Lesson could be learnt from the state of Nagaland, which recently enacted a law, namely the 2016 Nagaland Prohibition of Gambling and Promotion and Regulation of Online Games of Skill Act. The said legislation defines “games of skill” as including “all such games where there is a preponderance of skill over chance, including where the skill relates to strategising the manner of placing wagers or placing bets, or where the skill lies in team selection or selection of virtual stocks based on analyses, or where the skill relates to the manner in which the moves are made, whether through deployment of physical or mental skill and acumen.” Besides providing such an inclusive definition, the Act sets out a schedule enlisting certain activities that shall be regarded as games of skill, such as poker, rummy and virtual games of cricket and football. All such games shall be regulated by way of issuance of a license to persons or entities based in India. Upon receiving the license, such a person or entity is eligible to earn revenue from games of skill, whether by way of advertising, obtaining a share of winnings or charging a fee for membership.

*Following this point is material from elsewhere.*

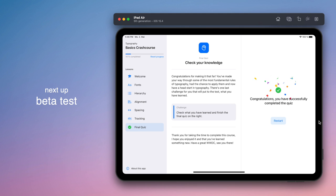In the upcoming weeks, I will be adding more lessons and other app improvements, like those fun little confetti animations, before the app is ready to be released on the App Store.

Some stakeholders are advocating for a uniform legislation on betting that would ensure that the legal position on betting remains the same across all the states. In July 2017, the All India Gaming Federation along with an advisory panel presented a white paper to Law Commissioner BS Chauhan, recommending a central legislation regulating online skill gaming, and that sports betting in general and cricket betting in particular be recognised as a game of skill. Such a legislation could introduce a system of checks and balances along the lines of that existing in the UK, for instance. A proposal has also been moved from the Central Information Commission in the case of Subhash Chandra Agrawal v. PIO, recommending the Government of India to consider moving the subject of sports from the State List in the Constitution of India to the Concurrent List so as to ensure a uniform policy regulating sports bodies and national sports federations such as the BCCI.

CONCLUSION

The international discourse on the issue of sports betting shows just how inadequate the Indian legal regime is to cater to the same. Suggestions have been pouring in from all quarters as to how, upon being legalized, cricket betting could be regulated. These suggestions, along with international best practices concerning ethics and betting, should be taken into account by the legislature and the executive to bring in an appropriate framework to address cricket betting. This, of course, requires the active participation of all the stakeholders, with the BCCI leading the way. 


[1] Ali Qtaishat and Ashish Kumar, ‘Surveying the Legality Issues and Current Developments’ (2013) 20 JL Policy and & Globalization 40, 42.

[2] See Gambling Act 2005 s 88.

[3] Rex v. Fortier 13 Que. KB 308.

[4] Rohini Mahyera, ‘Saving Cricket: A Proposal for the Legalization of Gambling in India to Regulate Corrupt Betting Practices in Cricket’ (2012) 26 Emory Int'l L. Rev.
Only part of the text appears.